Set each record down exactly, excluding all images.
Start of Block
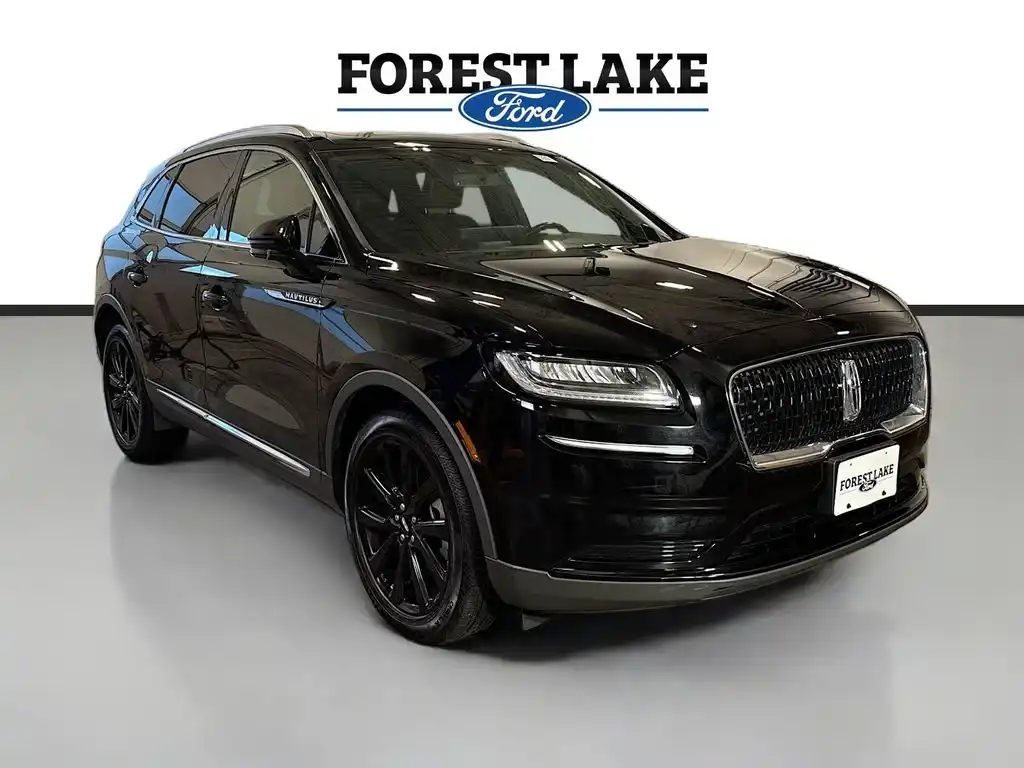 2023 Lincoln Nautilus Reserve AWD's photo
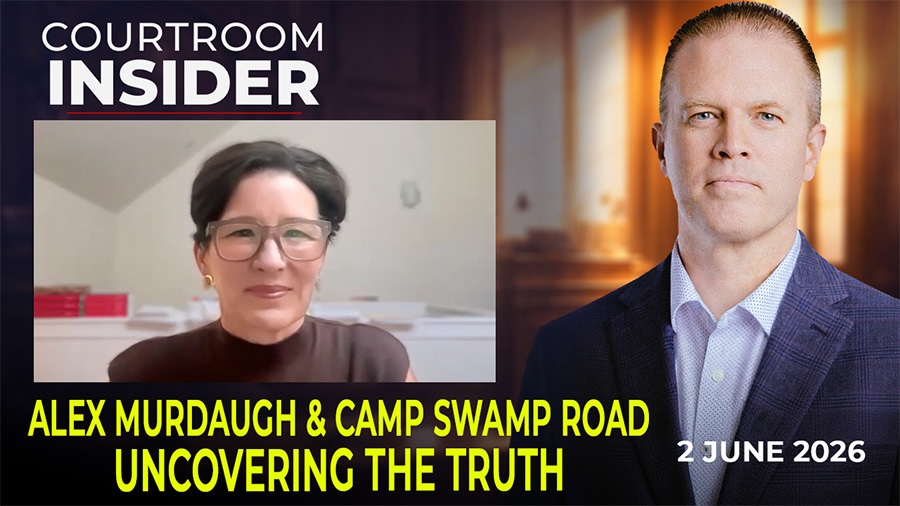 COURTROOM INSIDER | Uncovering the truth in the Alex Murdaugh and Camp Swamp Road killings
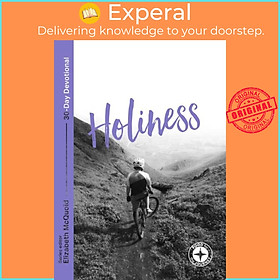 Sách - Holiness: Food for the Journey by Elizabeth McQuoid (UK edition, paperback)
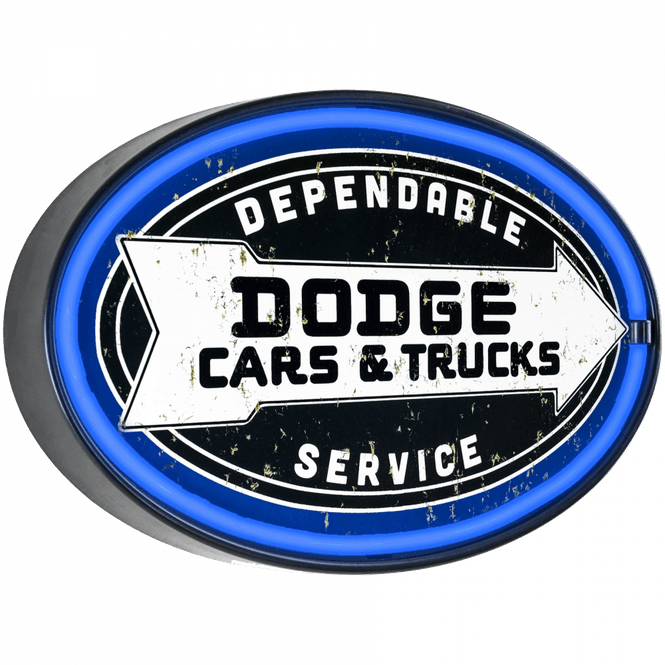 Main Image LED Tube - Dodge Cars & Trucks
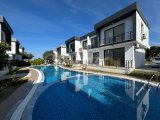Girne Lapta'da Daire Fiyatına Satılık 3+1 İkiz Villa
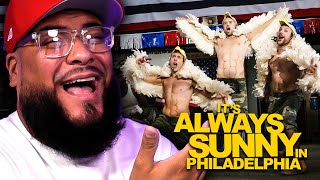 Always Sunny: The Gang Wrestles for the Troops Reaction (S5, E7)
Always Sunny: The Gang Wrestles for the Troops Reaction (S5, E7)
🔵 For Full Reactions And Exclusive Content Join The Patreon! ► https://www.patreon.com/disfunktionaltv
🔔 Subscribe And Ring The Bell To Get Notified When I Post A Video!
🟣 #GFuelPartner For Up To 30% Off Use Code: DTV https://sldr.page.link/TPbR
🔵Discord: https://discord.gg/VRxaR9BUHV
🟢Kick: https://kick.com/disfunktionaltv
🟣Twitch: https://www.twitch.tv/disfunktionaltv
🟡Instagram: https://www.instagram.com/DisfunktionalTV
⚫X/Twitter: https://x.com/DisfunktionalTV
🔴Second Channel: https://www.youtube.com/@disfunktionallive
Support The Channel
â–º DTV Merch: https://disfunktionalfam.myspreadshop.com/
â–º Donos / Tips: https://streamelements.com/disfunktionaltv/tip
â–º Channel Memberships: https://www.youtube.com/channel/UCR6AF9GPSipMcWnk2q6g1Lw/join
EPIC GAMES SUPPORT A CREATOR CODE: DISFUNKTIONAL
For Serious Business Inquiries: disfunktionalinbox@gmail.com Always Sunny: The Gang Wrestles for the Troops Reaction (S5, E7)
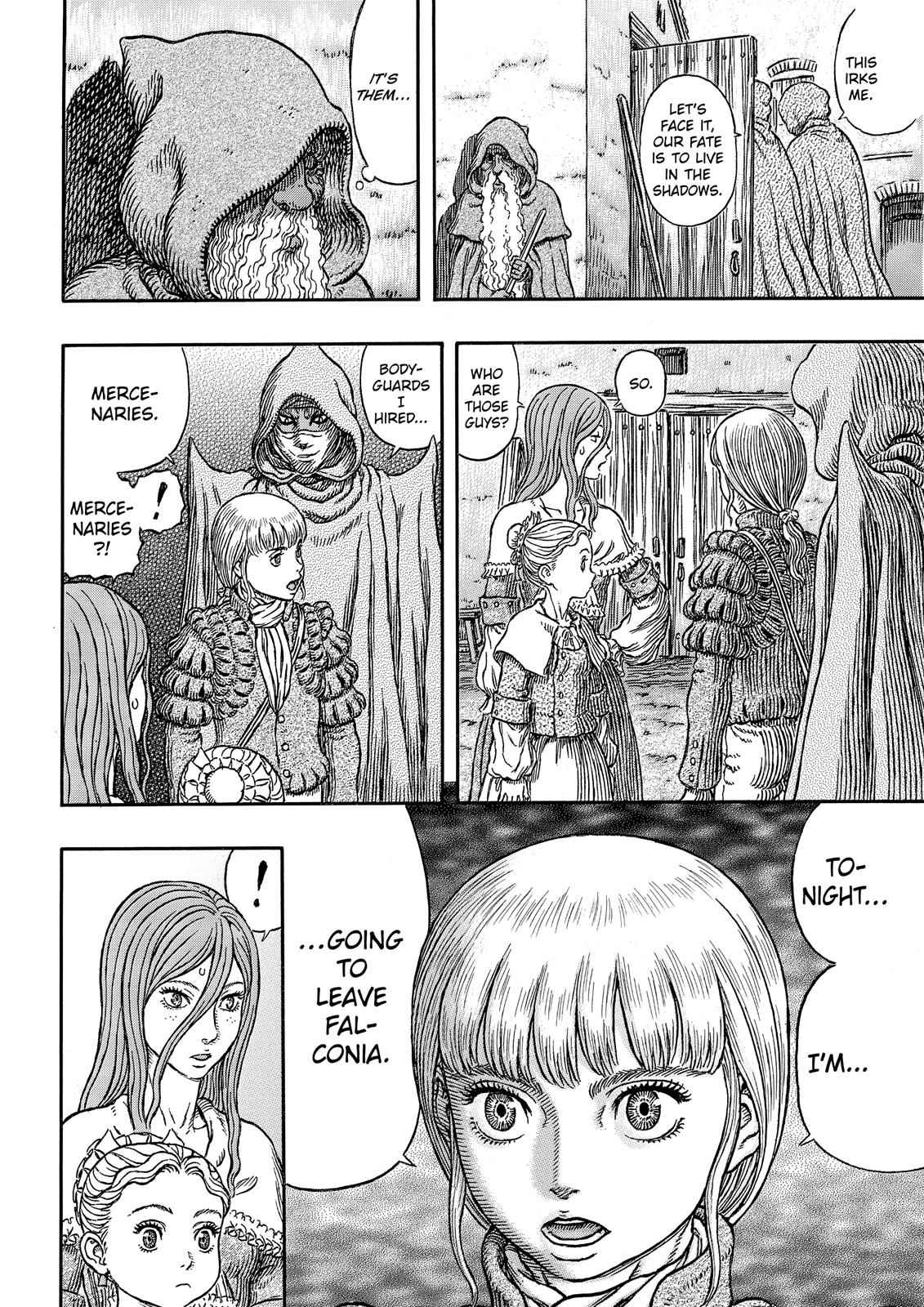 Berserk Chap 339 - Next Chap 340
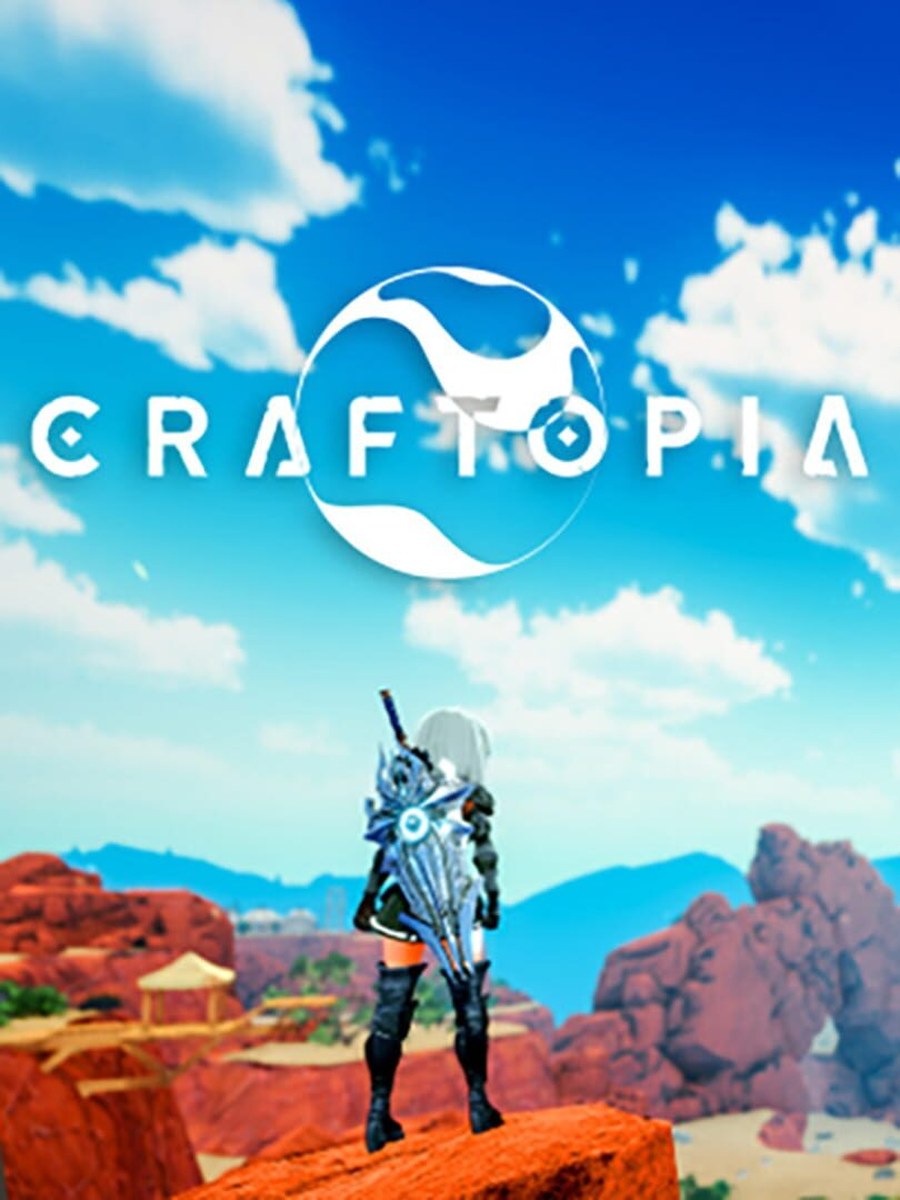Craftopia cover art.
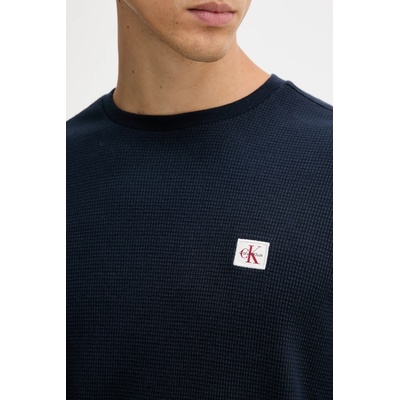 Calvin Klein Блуза с дълги ръкави Calvin Klein Jeans (LV040EM217)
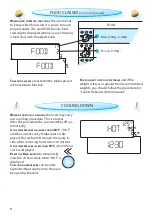 Предварительный просмотр 8 страницы Whirlpool AMW 835 Installation, Quick Start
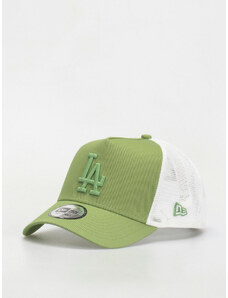 New Era League Essential Trucker Los Angeles Dodgers (green/white)zelená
End of Block
— Result —
 2023 Lincoln Nautilus Reserve AWD's photo
 COURTROOM INSIDER | Uncovering the truth in the Alex Murdaugh and Camp Swamp Road killings
 Sách - Holiness: Food for the Journey by Elizabeth McQuoid (UK edition, paperback)
 Main Image LED Tube - Dodge Cars & Trucks
Girne Lapta'da Daire Fiyatına Satılık 3+1 İkiz Villa
 Always Sunny: The Gang Wrestles for the Troops Reaction (S5, E7)
Always Sunny: The Gang Wrestles for the Troops Reaction (S5, E7)
🔵 For Full Reactions And Exclusive Content Join The Patreon! ► https://www.patreon.com/disfunktionaltv
🔔 Subscribe And Ring The Bell To Get Notified When I Post A Video!
🟣 #GFuelPartner For Up To 30% Off Use Code: DTV https://sldr.page.link/TPbR
🔵Discord: https://discord.gg/VRxaR9BUHV
🟢Kick: https://kick.com/disfunktionaltv
🟣Twitch: https://www.twitch.tv/disfunktionaltv
🟡Instagram: https://www.instagram.com/DisfunktionalTV
⚫X/Twitter: https://x.com/DisfunktionalTV
🔴Second Channel: https://www.youtube.com/@disfunktionallive
Support The Channel
â–º DTV Merch: https://disfunktionalfam.myspreadshop.com/
â–º Donos / Tips: https://streamelements.com/disfunktionaltv/tip
â–º Channel Memberships: https://www.youtube.com/channel/UCR6AF9GPSipMcWnk2q6g1Lw/join
EPIC GAMES SUPPORT A CREATOR CODE: DISFUNKTIONAL
For Serious Business Inquiries: disfunktionalinbox@gmail.com Always Sunny: The Gang Wrestles for the Troops Reaction (S5, E7)
 Berserk Chap 339 - Next Chap 340
Craftopia cover art.
 Calvin Klein Блуза с дълги ръкави Calvin Klein Jeans (LV040EM217)
 Предварительный просмотр 8 страницы Whirlpool AMW 835 Installation, Quick Start
 New Era League Essential Trucker Los Angeles Dodgers (green/white)zelená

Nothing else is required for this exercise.